What is the specific definition of "local agent"

Hi guys, I’m trying to use consul.

The term local agent / local consul agentlocal state comes up a lot in the documentation, like anti-entropy/agent/service

I would like to know what it means exactly, is it a generic term for all agents in the current datacenter, or is it a single agent that is currently being accessed? What exactly is the range that 'local' refers to?

For example, /agent/service is used to interact with the services of the “local consul agent”, while /catalog can interact with all services, and it can also cross data centers.

So can agent/service interact with all services in the current datacenter, or can it only interact with services registered to the currently connected agent node?

Sorry, I’m still using dev mode and not using clusters yet, so I can’t try reasoning on multiple agents for now. I’d like to hear the official definition, but I can’t find it in the glossary or other documentation.

In a traditional VM-based or bare metal hosting environment, each machine runs a Consul agent.

Each service registers with the Consul agent local to the machine it is running on. When you see “local agent”, it’s a reference to that pattern.

Each agent is responsible for syncing information about the services which have registered with it - locally - back into the overall cluster catalog of services - and making sure that stays up to date - that’s what anti-entropy refers to.

The /agent/ HTTP APIs are the ones that are used for interactions between services and their local agents - distinct from the rest of the HTTP APIs, which are mostly only used on Consul servers (servers being specific agents which play an additional role in managing the overall datacenter cluster state).

1 Like

Hi @maxb , Thank you for your reply.

I think I have a general understanding of: The /agent/service API, strictly speaking, can only interact with services that are registered to this Agent. In the usual deployment structure, these services are the services on the machine where the Agent is located.

I have a few more questions and thoughts. To describe them clearly, I will divide them into three parts:
(English is not my native language, so please understand any reading difficulties this may cause for you. Thank you very much for reading and I hope to hear back from you!)

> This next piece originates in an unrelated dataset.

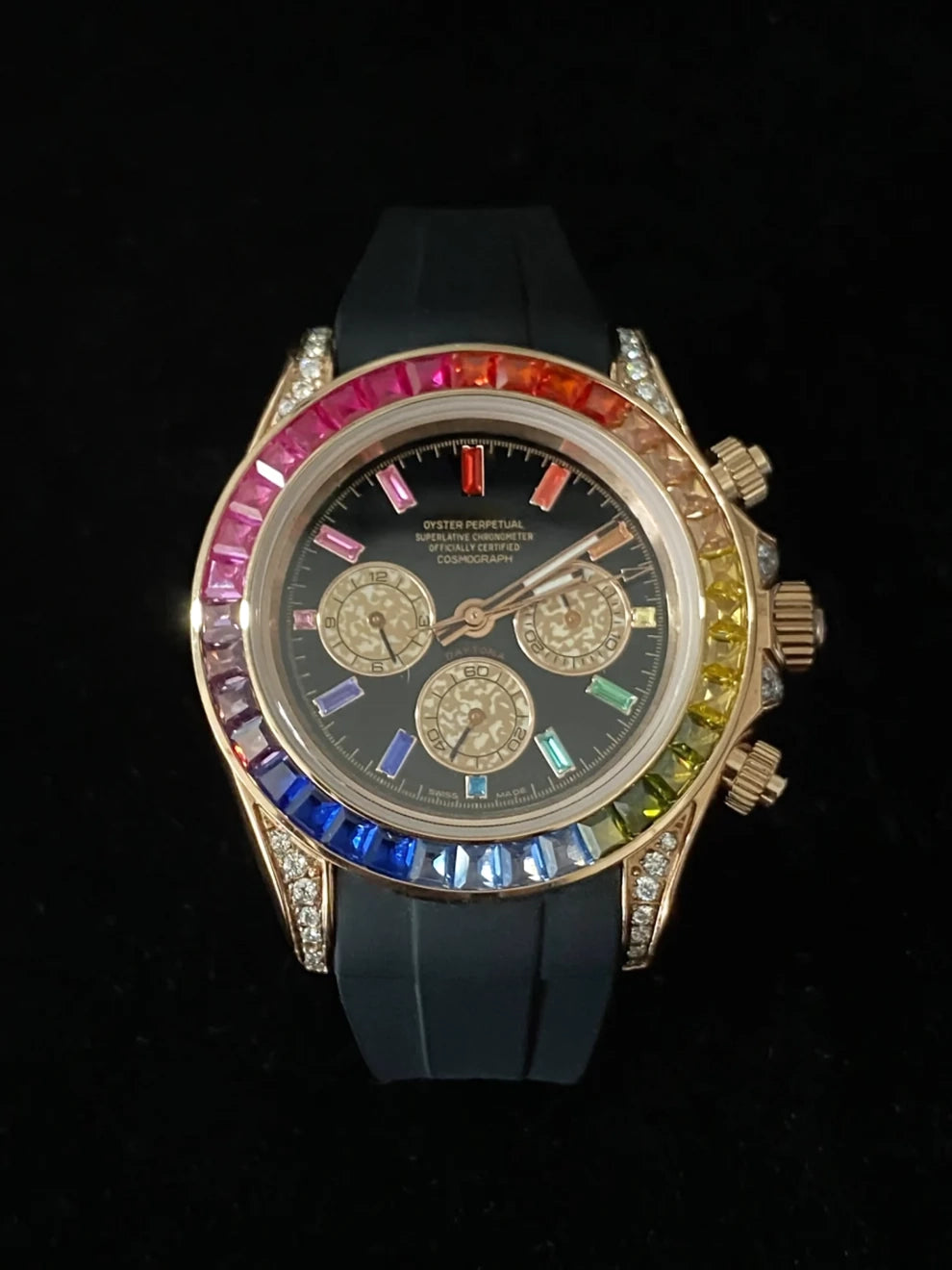 Black Strap With Colorful Baguette Bezel Dial Moissanite Watch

1. Confirmation of a question

I would like to confirm a question:
Suppose I have two services and two client agents running on two cloud hosts. I have written code in each service to register itself and discover the service, and these codes connect to the client agent on the respective machine.

So: should the code for discovering services be implemented using the /catalog API? Because if /agent/service is used, each service will only be able to query itself?

2. If the above question exists, thoughts arising

If so, /agent/service seems a bit hard to use because the code is coupled to where the service is deployed – the service you want to discover using the /agent/service API must be deployed locally.

So, is it common to use the /catalog API to discover services? Because that’s how I can guarantee that I can always look up the service I need.

In terms of pure experience, I think /agent/service + /agent/health/service/id works better than /catalog + /health. Because the latter two both return arrays of service instances, /health cannot be queried by id.

Am I right in thinking this way?

3. About the deployment of client agent

In the first sentence of your reply, you mentioned that a consul agent is usually deployed for each machine (I think you mean client agent)

I found a description in this document: “In a typical deployment, you must run client agents on every compute node in your datacenter”
May I ask if the “compute node” mentioned here refers to a single machine?

You are right in thinking that the /agent APIs give you a view of only that one agent.

The /catalog APIs give you a view of the whole datacenter.

However for discovering services, the /query APIs are the usual approach. This gives you automatic exclusion of unhealthy services, and the ability to query for services in other datacenters if desired.

Yes, “compute node” is just a way of saying “machine, however physical or virtual it might be”.

1 Like

Hi @maxb , Thanks for the guidance, hopefully I understand it completely.

I experimented with /query

  • It can return both service details (including address) and health status.
  • It requires creating a “preparedQuery” (and optionally a “session”) and writing some extra code to handle the deletion of the preparedQuery so that it does not fail when the program restarts and runs the creation code again (no preparedQuery with the same name is allowed).
  • By setting OnlyPassing=false, it can return service instances with passing and warning status, but without critical.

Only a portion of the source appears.